#### What the exercise asks:
Transcribe exactly the stretch of lines beginning at the one containing "Hawaii-Gelb-Thema Hibiskus Abschluss" and closing with the last line of the entries below. Omit images.

START Data for review

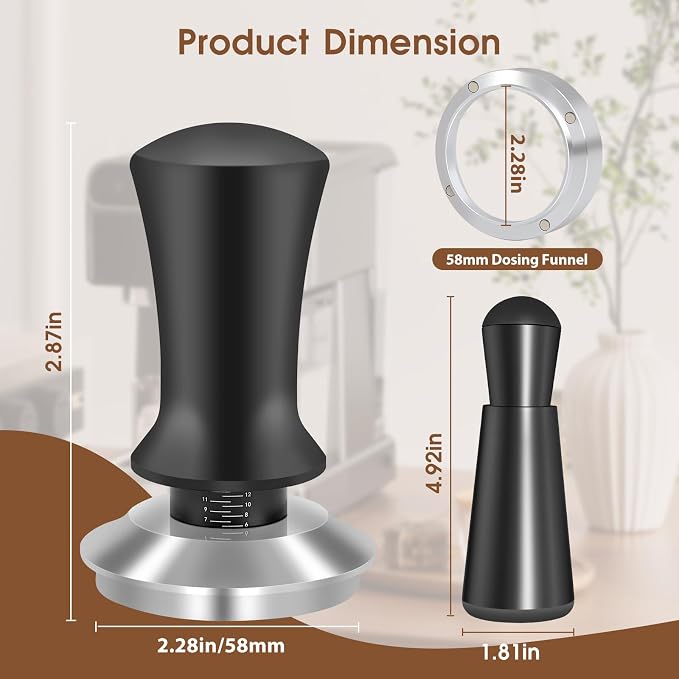 Reoszeank 58mm Espresso Accessories Kit, Spring Loaded Calibrated Tamper - Image 6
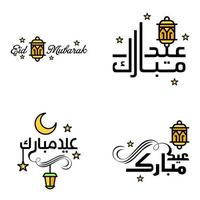 Modern Pack of 4 Vector Illustrations of Greetings Wishes For Islamic Festival Eid Al Adha Eid Al Fitr Golden Moon Lantern with Beautiful Shiny Stars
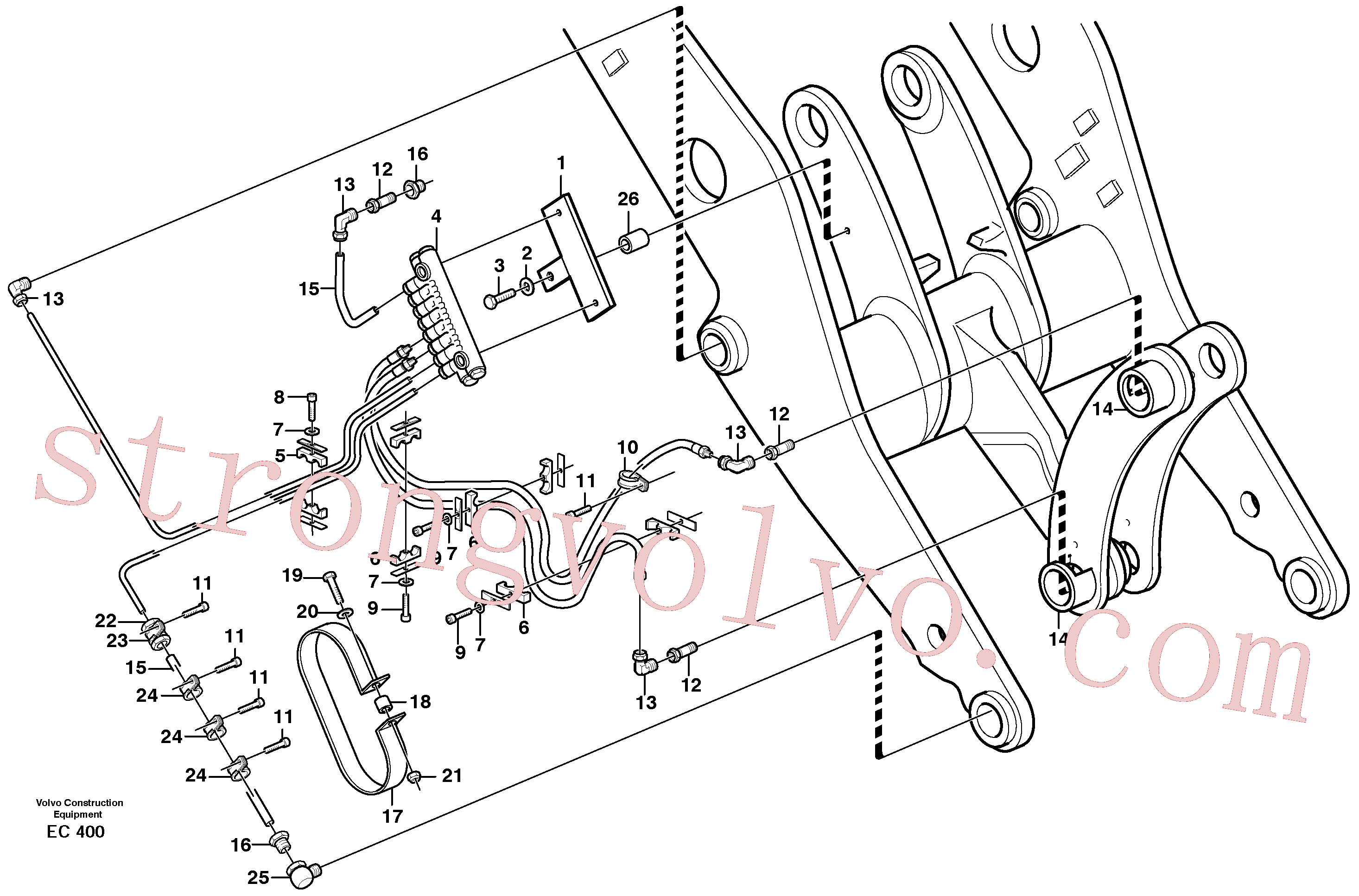VOE13947818 Volvo Lubrificação central com acessórios - B2(EC400 Montagem)
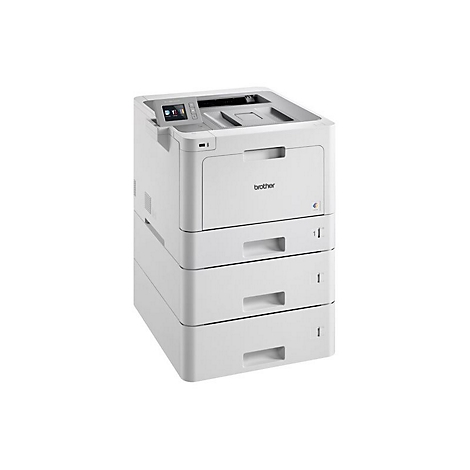 Weißer Drucker der Marke Brother. Der Drucker hat mehrere Papierfächer und ein Bedienfeld.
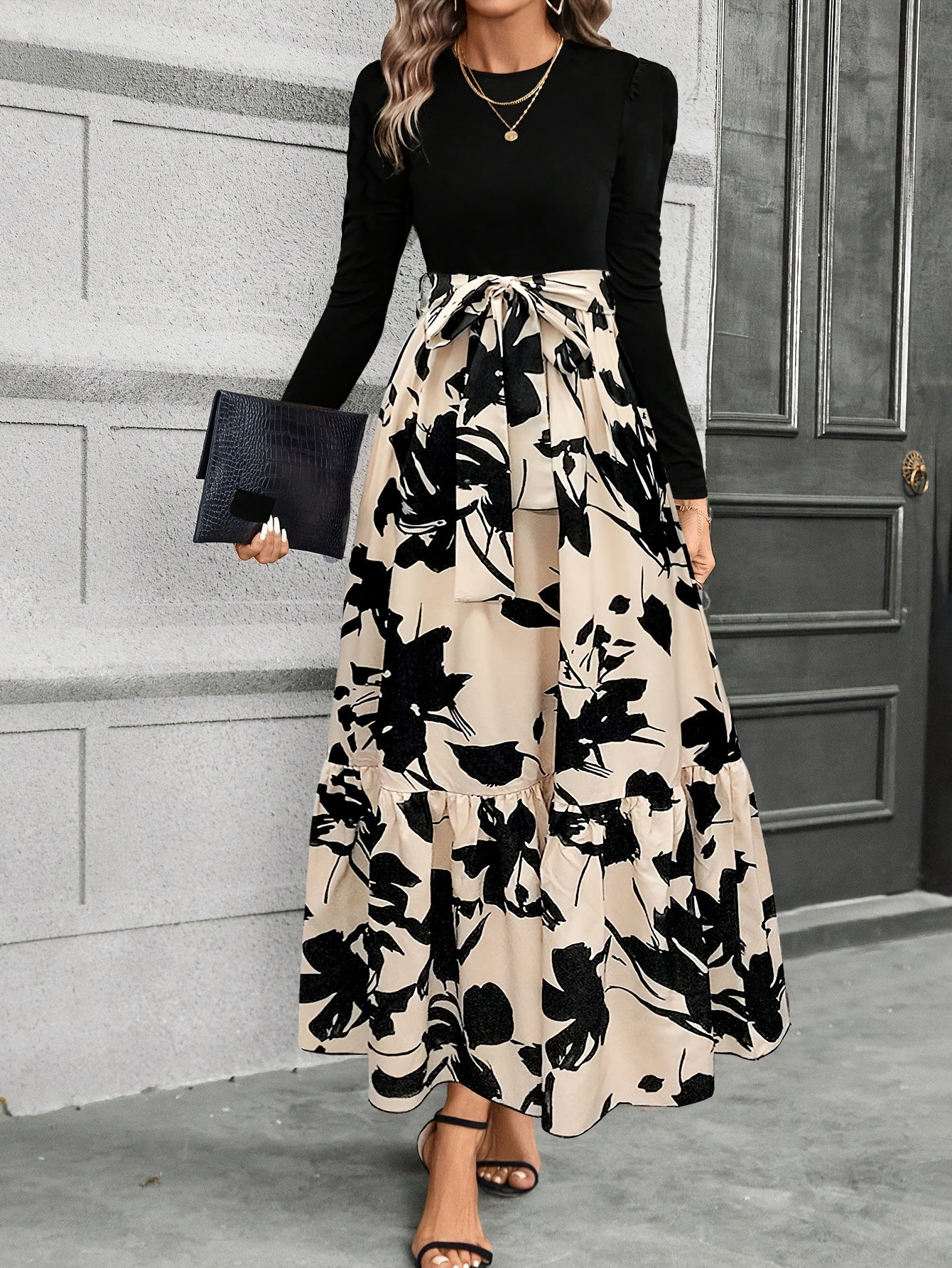 Elegant Floral A-Line Midi Dress for Women Crew Neck, Long Sleeve, P Elegant Floral A-Line Midi Dress for Women Crew Neck, Long Sleeve, P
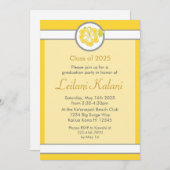 Hawaii-Gelb-Thema Hibiskus Abschluss Einladung (Vorne/Hinten)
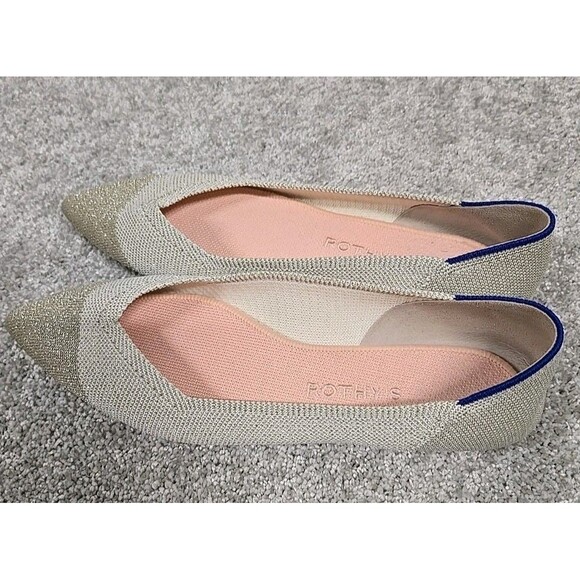 Rothys The Point Diamond Mettalic Flats Pointy Shoes Colorblock Women’s Size 8.5 - Picture 3 of 9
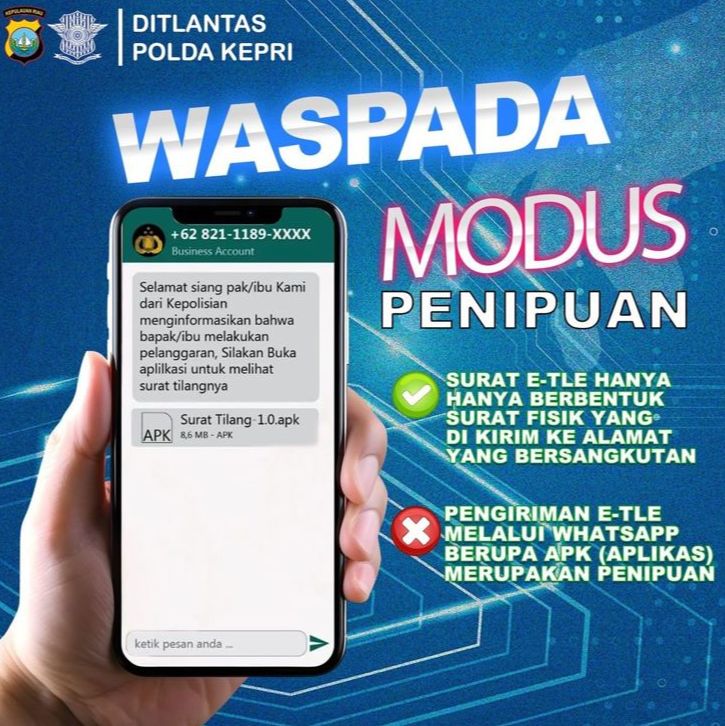 Pesan penipuan tilang elektronik melalui aplikasi whatshap yang diterima masyarakat. Matapedia6.com/Humas Polda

END Data for review

#### Task answer:
 Hawaii-Gelb-Thema Hibiskus Abschluss Einladung (Vorne/Hinten)
 Rothys The Point Diamond Mettalic Flats Pointy Shoes Colorblock Women’s Size 8.5 - Picture 3 of 9
 Pesan penipuan tilang elektronik melalui aplikasi whatshap yang diterima masyarakat. Matapedia6.com/Humas Polda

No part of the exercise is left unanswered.